Diesen Herbst wird in der Schweiz das Parlament neu gewählt. Und in einem Wahljahr rücken Themen, die die Leute beschäftigen, in den Fokus der Politik. Wohnen ist eines davon. Denn die Mieten steigen, und freie Wohnungen werden zunehmend rar.

Die SVP hat den Wohnungsmangel als Wahlkampfthema erkannt und verbindet es in ihrer Nachhaltigkeits-Initiative mit der hohen Zuwanderung. Die Initiative wird bald lanciert und soll die Einwohnerzahl bis 2050 auf zehn Millionen beschränken. Eines der Argumente zielt auf den Wohnungsmangel ab: Der Schweiz gingen die freien Wohnungen aus, weil so viele Menschen ins Land kommen.

Zuwanderung auf Mehrjahreshoch

Doch eignet sich die Zuwanderung für diese Schuldzuweisung? Liegt es – überspitzt gesagt – an den Ausländern, wenn ich keine Wohnung finde und die Mieten für freie Adressen immer höher steigen?

Die kurze Antwort lautet: nein. Doch das Nein kommt mit einem grossen Aber, weil die Sache nicht so simpel ist.

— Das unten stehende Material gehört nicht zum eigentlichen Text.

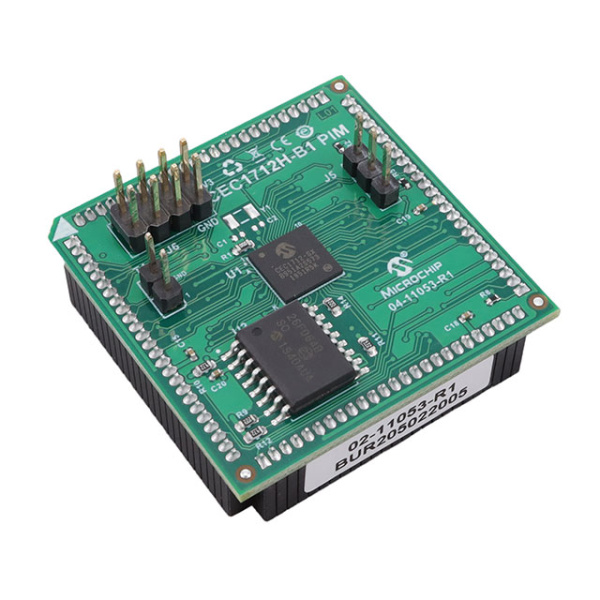 MA990001 (Микроконтроллеры (MCU) и цифровые сигнальные процессоры (DSP) MCRCH)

Denn die Wohnungsknappheit ist durchaus auch eine Folge der Zuwanderung. Und ein zweiter Nachsatz ist explosiv: Die Zuwanderung hat in der Vergangenheit die Mieten auch schon nach oben getrieben.

Die Zahl der Zugewanderten ist so hoch wie seit 2013 nicht mehr: Fast 85’000 Menschen kamen letztes Jahr per saldo in die Schweiz (inklusive Kurzaufenthalterinnen und Kurzaufenthalter). Diese Wanderbewegung hält schon seit 20 Jahren an, wenn auch in schwankendem Mass. Damals – im Jahr 2002 – führte die Schweiz die Personenfreizügigkeit mit der EU ein.

Diese vielen Neuankömmlinge befeuern die Nachfrage nach Wohnungen. Von 2013 bis 2021 entstanden gut zwei Drittel der neuen Haushalte, weil Menschen zuzogen, wie Zahlen der Immobilienberatungsgesellschaft Wüest Partner zeigen. In dieser Rechnung sind Umzüge zwischen Kantonen mitgezählt, aber der Grossteil der Migration fand über die Landesgrenze statt.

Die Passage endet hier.